Hoje associamo-la a tragédias e catástrofes, mas a origem da palavra “desastre” remete-nos para os céus – mais precisamente, para um mau alinhamento das estrelas.
A língua portuguesa está cheia de palavras que guardam ecos de crenças antigas e modos de pensar já distantes.
Uma delas é “desastre”, termo que usamos para descrever acontecimentos graves, muitas vezes inesperados, que causam sofrimento, perdas ou destruição. Mas por detrás deste uso moderno esconde-se uma origem curiosa, enraizada nas estrelas.
Etimologicamente, “desastre” deriva do latim disastrum, combinação de dis- (prefixo com valor negativo) e astrum (estrela). A palavra significava, literalmente, “má estrela” — ideia que reflete a antiga convicção de que os astros tinham influência direta sobre o destino humano.
Durante séculos, a astrologia foi uma ferramenta central para interpretar o mundo. Os movimentos celestes eram lidos como sinais, e o destino das pessoas, dos reis e até dos povos, acreditava-se, podia depender do posicionamento dos astros.
Um “desastre”, nesse contexto, era mais do que um infortúnio. Era o reflexo de um cosmos em desordem, de uma conjunção desfavorável que punha em risco a harmonia da vida na Terra.
Com o avanço da ciência e o progressivo abandono da astrologia como forma de explicação do mundo, “desastre” perdeu a sua ligação directa às estrelas — mas manteve o impacto do seu significado.
Hoje, usamos a palavra para designar tanto fenómenos naturais, como terramotos e inundações, como eventos provocados pela ação humana: guerras, colapsos financeiros, acidentes industriais.
O termo passou a descrever qualquer acontecimento súbito com efeitos devastadores, independentemente da sua causa.

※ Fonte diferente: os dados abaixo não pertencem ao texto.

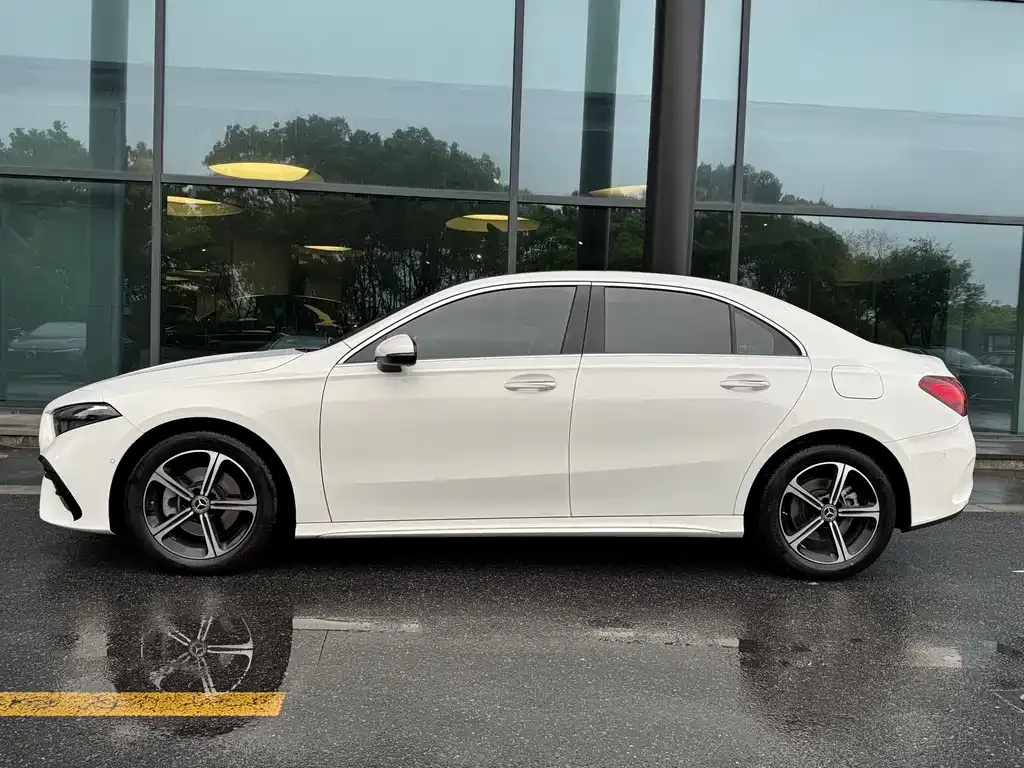 Mercedes-Benz A-Class 2025 из CN, фото 2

Para além da sua presença no quotidiano, “desastre” atravessa também a cultura popular. É um tema recorrente no cinema, na literatura e nas artes visuais, muitas vezes usado como metáfora para crises pessoais, sociais ou morais.

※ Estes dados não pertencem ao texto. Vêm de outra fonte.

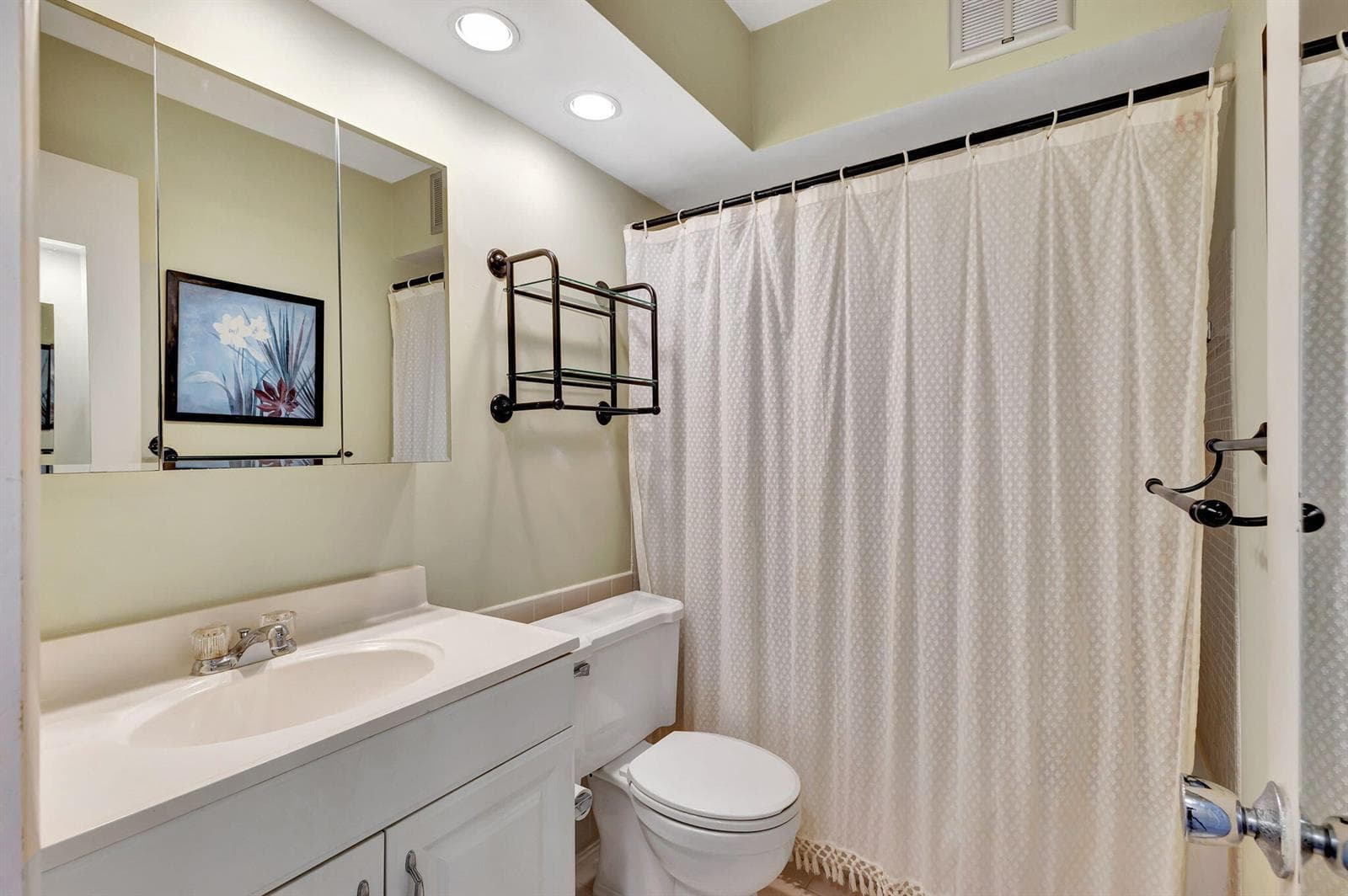 100 Shore Court 210 photo 20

A permanência da palavra e a sua adaptação a novos contextos mostram como a língua evolui com a sociedade.
“Desastre” deixou de ser um destino celeste para se tornar um reflexo das nossas vulnerabilidades, medos e desafios.

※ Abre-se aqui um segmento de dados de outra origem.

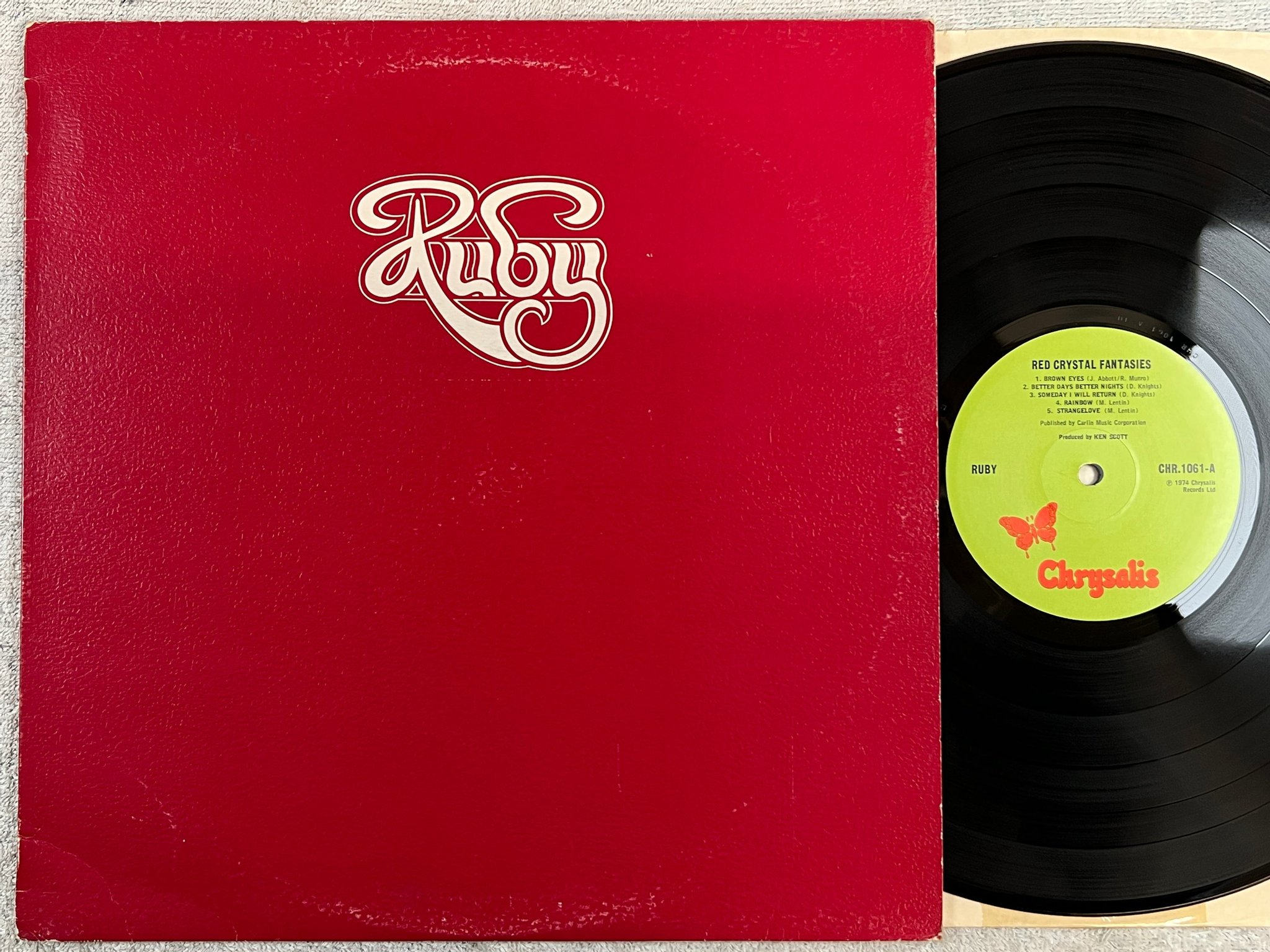 Omslagsbild för skivan RUBY red crystals fantasies LP -74 UK CHRYSALIS CHR 1061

Estudar a origem das palavras é também uma forma de conhecer a história das ideias.
No caso de “desastre”, a viagem etimológica leva-nos do céu estrelado das crenças antigas às realidades concretas do mundo moderno.
E mesmo que hoje se olhe menos para as estrelas à procura de respostas, a palavra mantém o seu peso – lembrando que, por vezes, o vocabulário que usamos para descrever o presente continua a ecoar visões muito antigas sobre o universo e o lugar do ser humano dentro dele.